##### GIVEN INFORMATION

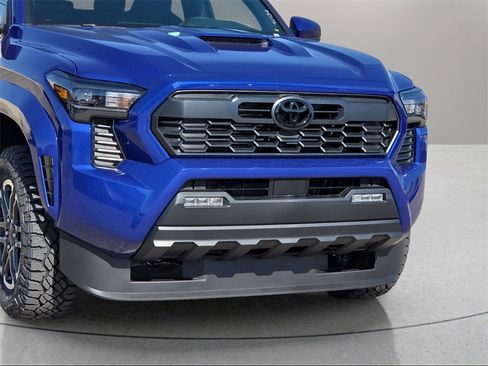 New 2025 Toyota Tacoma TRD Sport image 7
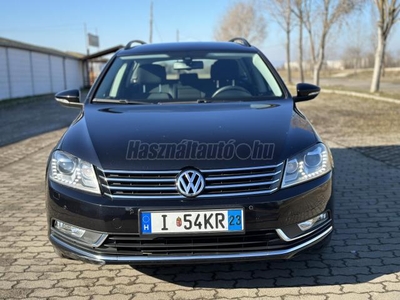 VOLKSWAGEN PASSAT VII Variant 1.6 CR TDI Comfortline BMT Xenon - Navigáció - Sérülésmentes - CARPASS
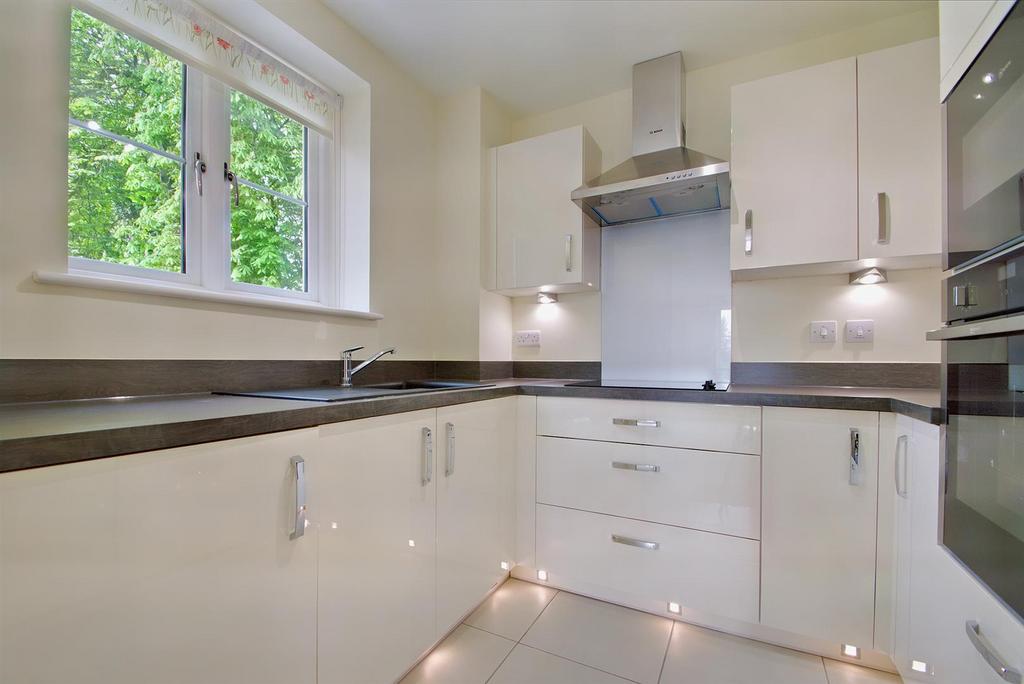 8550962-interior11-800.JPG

##########

**WHAT NEEDS TO BE DONE**
Wherever a picture appears in the data, please drop it and retype the rest exactly.

**TASK RESULT**
 New 2025 Toyota Tacoma TRD Sport image 7
 VOLKSWAGEN PASSAT VII Variant 1.6 CR TDI Comfortline BMT Xenon - Navigáció - Sérülésmentes - CARPASS
 8550962-interior11-800.JPG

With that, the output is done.